▸ AIM OF THE TASK
For the records that follow, restate each one word for word and leave the images behind.

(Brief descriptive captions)
·····

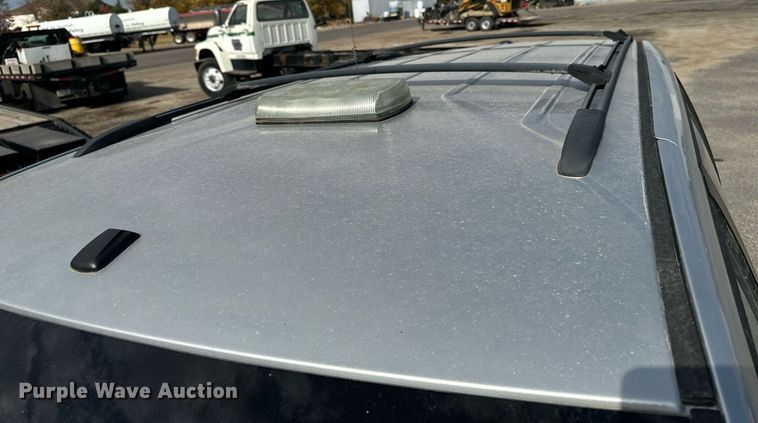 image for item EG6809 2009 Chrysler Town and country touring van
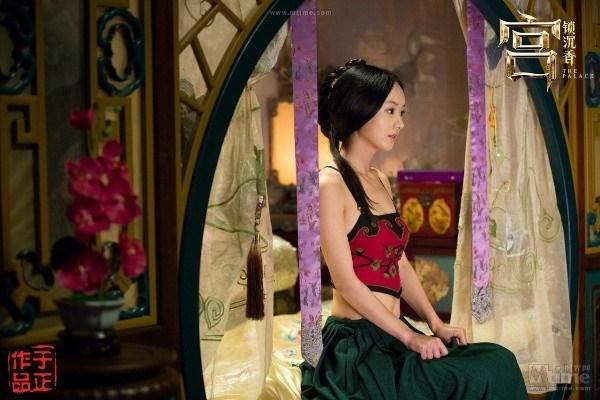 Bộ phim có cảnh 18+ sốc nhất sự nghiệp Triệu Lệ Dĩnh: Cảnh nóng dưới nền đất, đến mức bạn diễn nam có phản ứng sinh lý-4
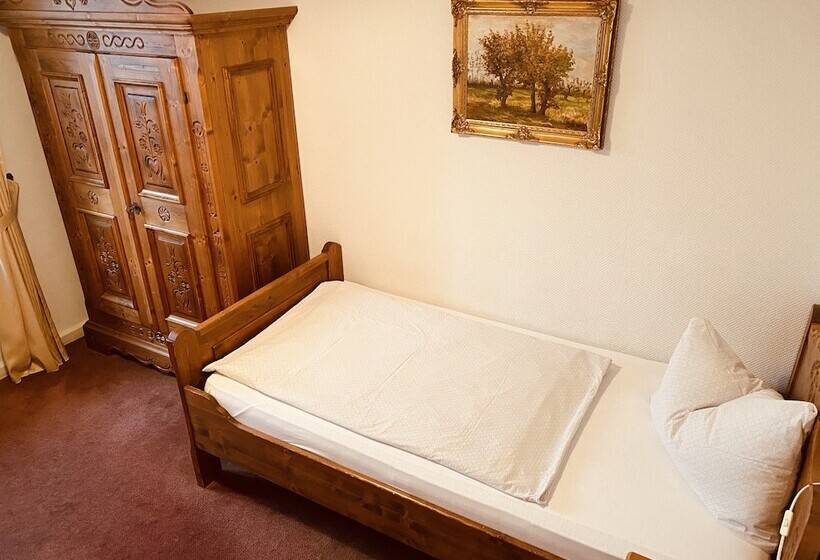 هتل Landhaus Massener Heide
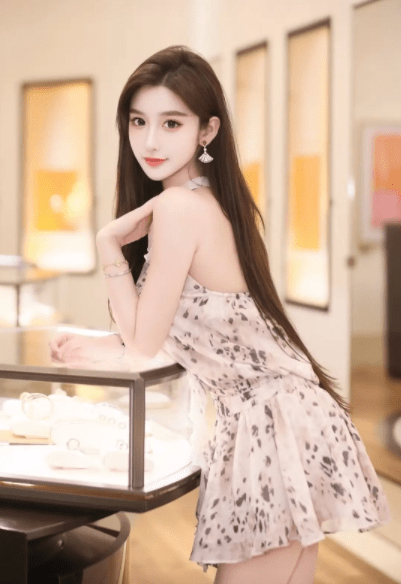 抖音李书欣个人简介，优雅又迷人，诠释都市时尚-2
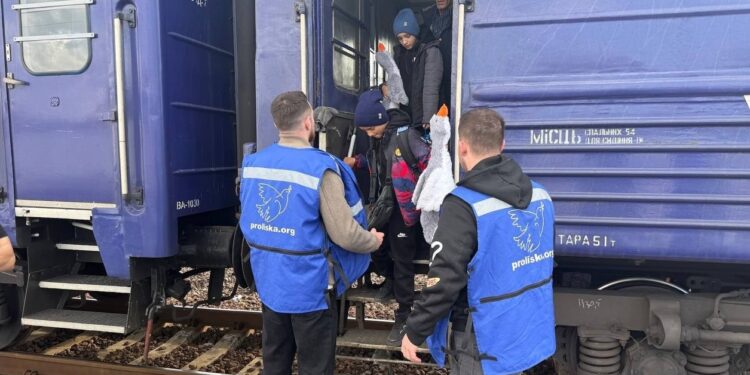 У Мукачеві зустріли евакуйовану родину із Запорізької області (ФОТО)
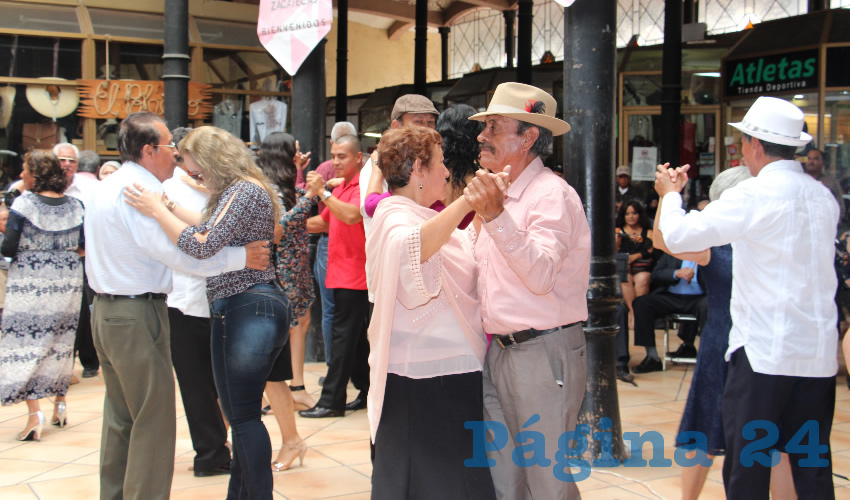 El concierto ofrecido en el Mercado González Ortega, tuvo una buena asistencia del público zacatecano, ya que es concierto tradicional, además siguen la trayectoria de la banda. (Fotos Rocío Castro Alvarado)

·····

▸ RESPONSE FOR THIS EXERCISE
 image for item EG6809 2009 Chrysler Town and country touring van
 Bộ phim có cảnh 18+ sốc nhất sự nghiệp Triệu Lệ Dĩnh: Cảnh nóng dưới nền đất, đến mức bạn diễn nam có phản ứng sinh lý-4
 هتل Landhaus Massener Heide
 抖音李书欣个人简介，优雅又迷人，诠释都市时尚-2
 У Мукачеві зустріли евакуйовану родину із Запорізької області (ФОТО)
 El concierto ofrecido en el Mercado González Ortega, tuvo una buena asistencia del público zacatecano, ya que es concierto tradicional, además siguen la trayectoria de la banda. (Fotos Rocío Castro Alvarado)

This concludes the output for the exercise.